南海高野線 学文路(かむろ)駅舎

学文路(かむろ)駅舎

  大正13年(1924年)

  構造 木造平屋建

 

gaku1 前回の九度山駅舎に続き今回は学文路駅舎を中心にご紹介します。九度山駅、学文路駅、紀伊清水駅はいずれも大正13年に開設され現在も当時のままの駅舎の状態で利用されています。外見的特徴は同時期に建設された三駅に共通する部分も多く、外壁は柱型付下見張で構成され屋根は木造トラスとやや細身の方杖により構成されています。中でも学文路駅の特徴は母屋桁を支える方杖で、緩やかな曲面をもった方杖は軒下空間の緩和措置として効果しており訪れる人を優しく出迎えてくれる印象を持ちます。駅舎としての最小限の機能を簡潔にまとめ上げられ、その洗練された雰囲気は現在も感じ取ることができます。駅舎は高台に存在し国道からは斜めに延びる特徴的な階段の先に立地します。眼下には悠々と流れる紀ノ川を望むことができ古くから宿場町として栄えたこの地の重要な交通拠点です。

  駅舎より北方面にあるのは学問の神様で有名な学文路天満宮。周囲は深い山々で囲まれ、道幅が狭く起伏のある道を進んだ先にあります。まるで訪れる者を試すかのような存在です。gaku3 (1)

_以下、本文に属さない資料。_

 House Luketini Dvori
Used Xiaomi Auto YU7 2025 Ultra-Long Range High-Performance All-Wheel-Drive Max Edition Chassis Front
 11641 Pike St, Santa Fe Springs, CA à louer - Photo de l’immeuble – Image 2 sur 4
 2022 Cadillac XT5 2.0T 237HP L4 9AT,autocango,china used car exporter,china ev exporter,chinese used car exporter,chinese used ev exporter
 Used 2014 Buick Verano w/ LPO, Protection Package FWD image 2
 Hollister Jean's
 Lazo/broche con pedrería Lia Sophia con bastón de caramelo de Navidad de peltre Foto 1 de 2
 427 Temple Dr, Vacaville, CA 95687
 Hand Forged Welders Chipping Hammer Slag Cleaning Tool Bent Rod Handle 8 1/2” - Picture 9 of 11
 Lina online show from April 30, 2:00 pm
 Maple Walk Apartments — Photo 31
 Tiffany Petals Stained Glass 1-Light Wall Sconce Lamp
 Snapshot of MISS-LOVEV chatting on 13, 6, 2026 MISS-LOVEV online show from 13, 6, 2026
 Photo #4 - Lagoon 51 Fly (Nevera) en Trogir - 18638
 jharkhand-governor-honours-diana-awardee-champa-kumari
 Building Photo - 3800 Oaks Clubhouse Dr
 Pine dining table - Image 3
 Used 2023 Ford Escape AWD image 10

高野街道沿いに存在し歴史の舞台としても多く登場します。

  学文路駅を後に向かったのは慈尊院。本堂である弥勒堂は世界遺産のひとつとして認定されています。空海が高野山を開いた頃、女人禁制であったため多くの女性信者がこのお寺を信仰しました。空海の母、玉依御前が息子の開いた高野を見ようと四国より訪れこのお寺に滞在しました。空海は月に9回も母に会いにこのお寺を訪れたそうです。それに由来しこの地域を九度山と名付けたそうです。慈尊院の南側、長い階段を上った所に丹生官省符神社にうかんしょうふじんじゃがあります。こちらの本殿も慈尊院同様世界遺産に認定されています。

gaku3 (2)  本取材で訪れた九度山周辺は豊かな自然と高野山を背景に歴史の舞台としても名高く、古くから人の交通要所であったことを察します。大正13年に開設された学文路駅を特急“こうや”が颯爽と走り抜ける光景は印象的で南海高野線が高野信仰への重要な手段であったとこは当然のこと、関西の主要な都市である難波と伊都地方を繋ぐライフラインとして重要な位置づけにあることを感じました。